I know this sounds absurd but if Michael Jackson by some miracle were to rise from his grave and decide to visit SA, we all know Madiba wouldn’t mind sharing a cup of coffee with him.
But on the other hand Lil’ Wayne or Justin Bieber can’t get the same privilege.
My point? Well, Nelson Mandela may have sacrificed himself for SA, but the world was watching and he got international respect for his efforts.
Like with any good deed, many things were made in his name.

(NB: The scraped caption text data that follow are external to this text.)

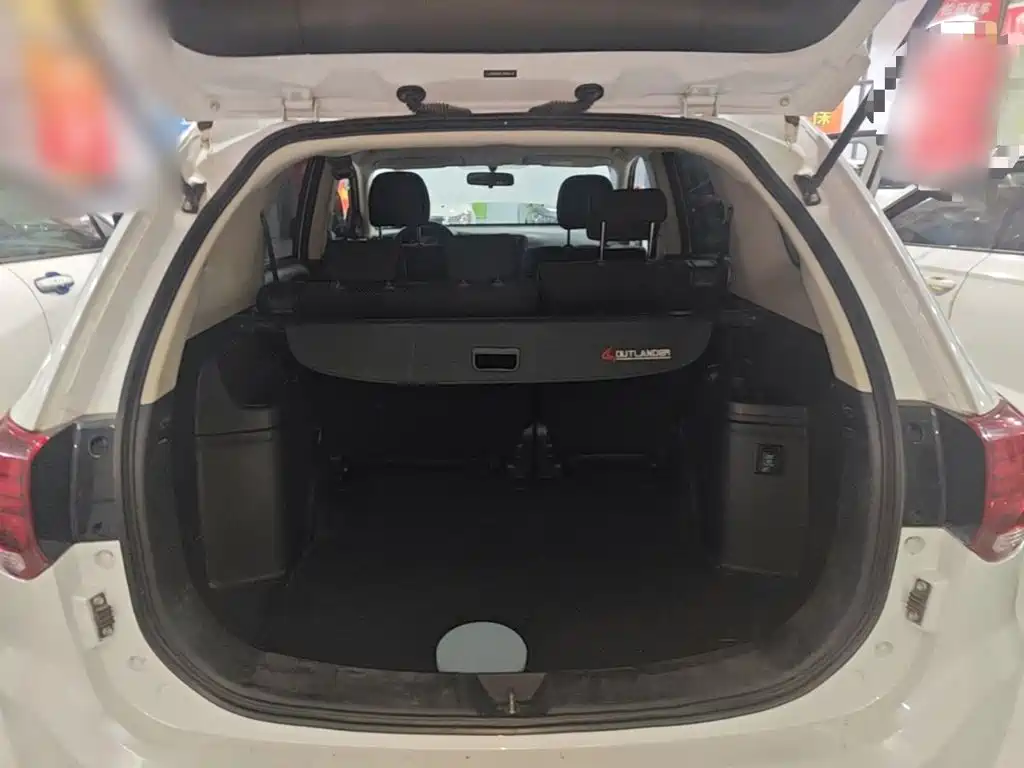 Mitsubishi Outlander — миниатюра 19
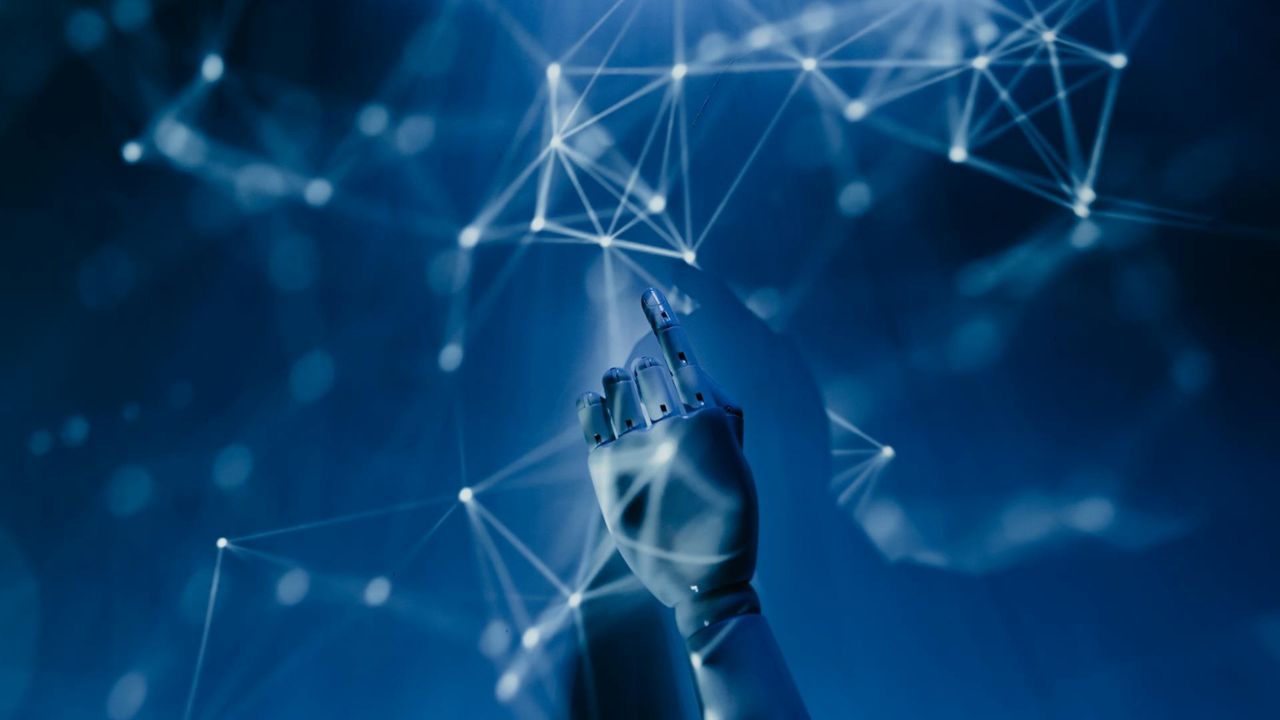 Për disa në industri, krijimi i filmave me inteligjencë artificiale po bëhet tashmë një pjesë e zakonshme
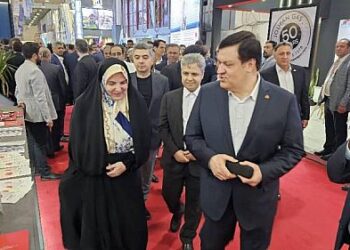 حضور پر فروغ بیمه ما در نمایشگاه پتروکم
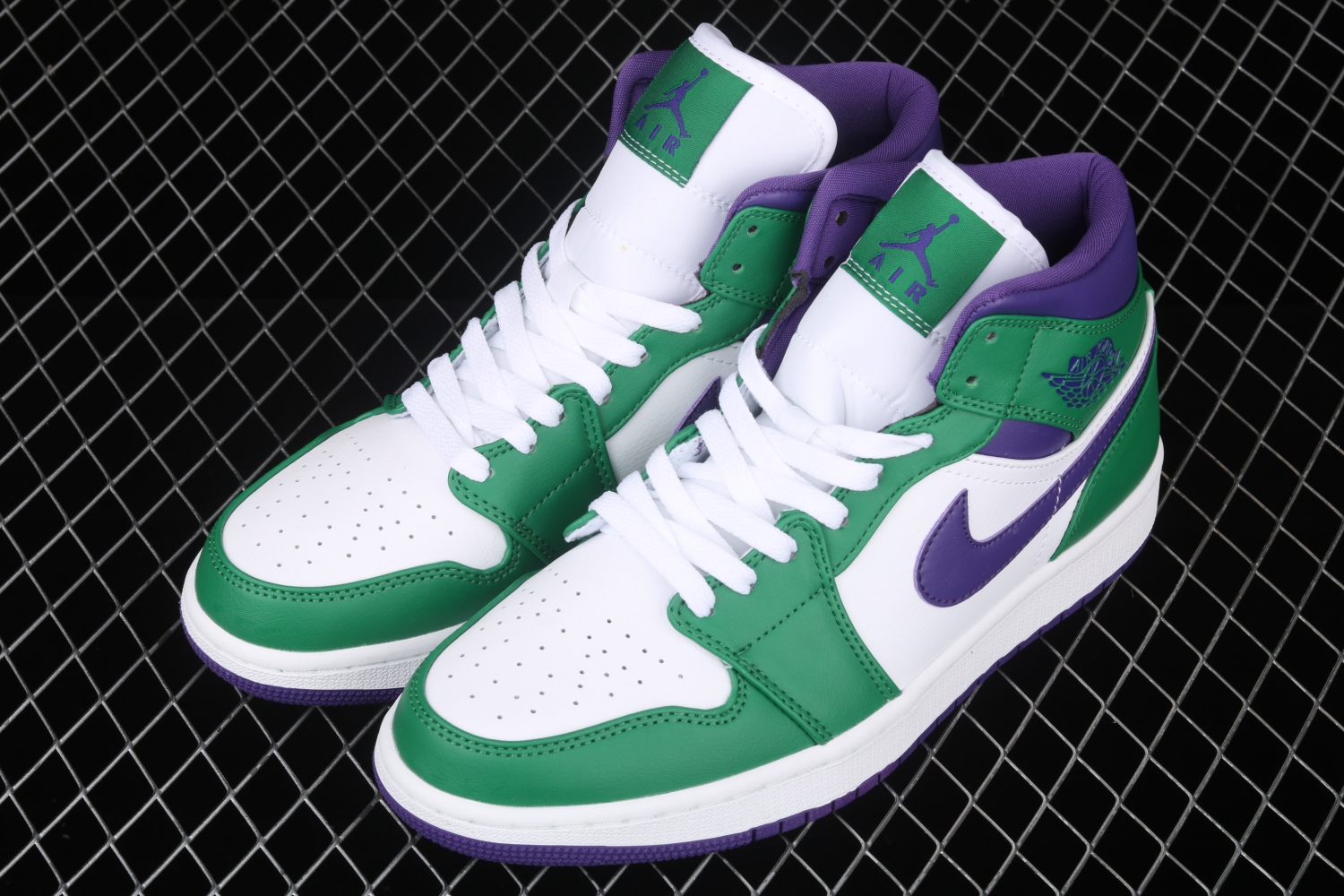 Jordan 1 Mid Incredible Hulk 554724-300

Bridges, roads, halls across Africa are named after him.
Books, plays and films were also made to celebrate his selflessness.
Speaking of movies, the most recent one was Invictus, a film that portrayed the role that Mandela played in aiding the SA rugby team, the Springboks, win the Rugby World Cup.

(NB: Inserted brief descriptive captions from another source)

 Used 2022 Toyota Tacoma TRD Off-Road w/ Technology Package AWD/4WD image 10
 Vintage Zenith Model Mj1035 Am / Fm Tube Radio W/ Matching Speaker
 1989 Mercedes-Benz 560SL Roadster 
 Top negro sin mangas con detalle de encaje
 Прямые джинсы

Morgan Freeman was in the lead role.
That is just one of the many things that were made for Mandela.
Coming to your screens this weekend on History Channel is Madiba: The Life And Times Of Nelson Mandela.
With a title like that, and considering extensive self authored projects like The Long Walk To Freedom, one can only wonder what this documentary has to offer that we don’t already know.

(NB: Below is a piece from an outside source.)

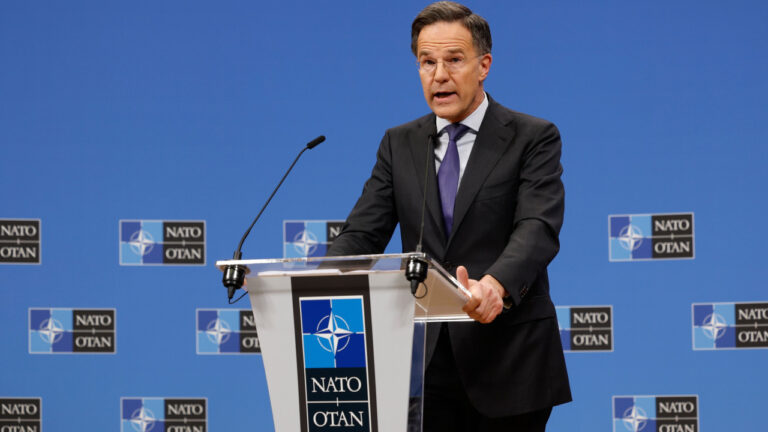 Ρούτε: Οι ΗΠΑ είναι «απόλυτα προσηλωμένες στο ΝΑΤΟ»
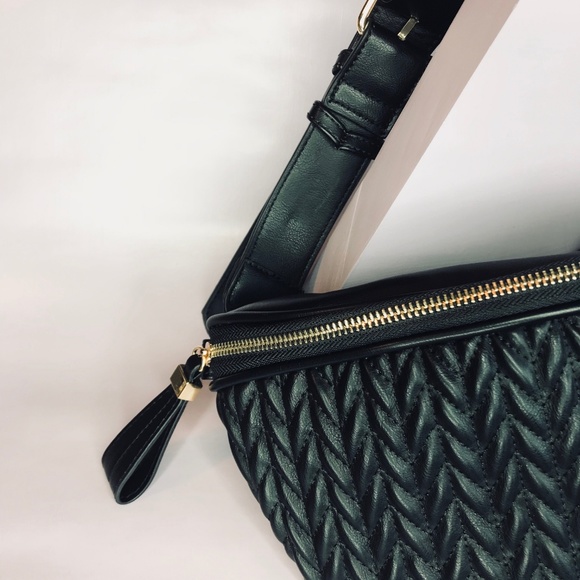 Quilted Waist Pack in Black - Picture 3 of 5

No disrespect to the Mandela name but in 2012 you would have to be immensely gifted to come up with a Mandela story that we do not already know.
For instance we have Mandela (1996), Discovery Channel’s Mandela’s Fight For Freedom (1995), Life And Times Of Nelson Mandela, Free At Last (2010) and these are all different accounts of how our dear leader led by example in the fight against apartheid.
Let’s say for interest’s sake you have watched all the listed titles, what are the chances that the History Channel’s version will be any different? Very slim.
Also of major interest is the fact that most of the titles mentioned above are made by foreign film-makers who were not in the country when Mandela was actually fighting for racial equality.
It becomes something of a “remote controlled” study for them as they come in and investigate what happened.
It also so happens that actor Idris Elba is preparing to star as Nelson Mandela in yet another autobiographical movie.
Yes, I am sure by now you get my point. If these film-makers cared about how SA politically evolved then we would have a number of other projects which looked into the life and times of names like OR Tambo, Walter Sisulu, Steve Biko and the rest of the liberation heroes.
But perhaps their stories are not as sensational as Madiba’s long-term imprisonment at Robben Island which is well-known worldwide.
Watch and see if Madiba: The Life And Times Of Nelson Mandela is any different from what you already know.
• The doccie airs on The History Channel (Channel 254) at 8.30pm this Saturday.